12 Pointers For The Perfect Leadership Development Program - FocusU

12 Pointers For The Perfect Leadership Development Program

Leadership development is a key priority for almost all companies that we engage with. No surprise there considering that TrainingIndustry.com says that leadership training is a $366 billion global industry! 

So what are a few elements to keep in mind while designing your Leadership Development Program (LDP)?

Help In Creating Self-Awareness

In order to be truly effective, leaders need to have a good sense of where they stand. Different psychometric tools like MBTI and Emergenetics can play a very useful role in achieving this. For those leading others, a 360 degree feedback often plays a crucial role in identifying areas needing development and even blind spots. Senior leadership development programs can also include how they come across as leaders to others.

Understanding how to  Drive Accountability

Success for leaders depends on their team’s performance rather than their own. Leaders hence need to be trained on how to define accountability and rigorously hold direct reports to those commitments, so that everyone can succeed and produce the results they need.

Knowing How To Lead Change

We live in turbulent times. Terms like “VUCA” and “Black Sawn” have entered the lexicon of everyone in a leadership role. How leaders manage change and lead their teams through these changes is increasingly becoming a sine qua non for leadership – ergo your LDP needs to have a component of how to lead change.

Understanding Leadership As Influence

Leaders increasingly work in matrix organizations where they need to influence others without having authority over them. As they scale up the hierarchy, they need to work with other leaders and be adept in the art of subtle negotiations and building relationships. Knowing how to influence others without using authority or hierarchy, and getting things done should hence be a part of your LDP program. 

Coaching

While communication is an essential skill that leaders must learn to perfect, simply ‘talking’ is not communication. The language of leadership is coaching. Knowing how to connect with people through both their hearts and their minds, and growing them through gentle guidance, questioning and coaching conversations is an essential skill for Leaders today.
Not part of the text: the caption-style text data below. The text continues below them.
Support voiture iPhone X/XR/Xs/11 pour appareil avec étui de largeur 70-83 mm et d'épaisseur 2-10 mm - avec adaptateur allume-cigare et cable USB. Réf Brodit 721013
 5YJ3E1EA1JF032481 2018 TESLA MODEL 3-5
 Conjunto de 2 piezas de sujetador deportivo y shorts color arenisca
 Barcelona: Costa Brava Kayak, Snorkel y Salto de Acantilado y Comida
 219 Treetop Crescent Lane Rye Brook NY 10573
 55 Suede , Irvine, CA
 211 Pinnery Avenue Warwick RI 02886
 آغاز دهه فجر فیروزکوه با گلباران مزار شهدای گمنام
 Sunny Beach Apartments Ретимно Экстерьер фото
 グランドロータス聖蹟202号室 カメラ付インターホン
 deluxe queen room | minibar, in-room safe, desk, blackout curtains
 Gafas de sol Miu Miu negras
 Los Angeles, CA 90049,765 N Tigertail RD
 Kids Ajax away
Communication & Presentation

Leaders constantly communicate. It happens at all times and in many forms – be it a large presentation, one on one conversations, phone calls, texts, mails or video conferencing.  Although it is not a new skill, poor communication can have very bad repercussions. Hence, how to present with impact is a key skill that every LDP should include.

While all the above points refer to the content of the LDP, a few points relating to the structure of the intervention, also needs to be kept in mind. The 70-20-10 leadership development model is a good lens to view LDP

interventions. Based on 30 years of study of how executives learn to lead, it rests on the belief that leadership is learned through doing. There’s plenty of evidence to support that belief. 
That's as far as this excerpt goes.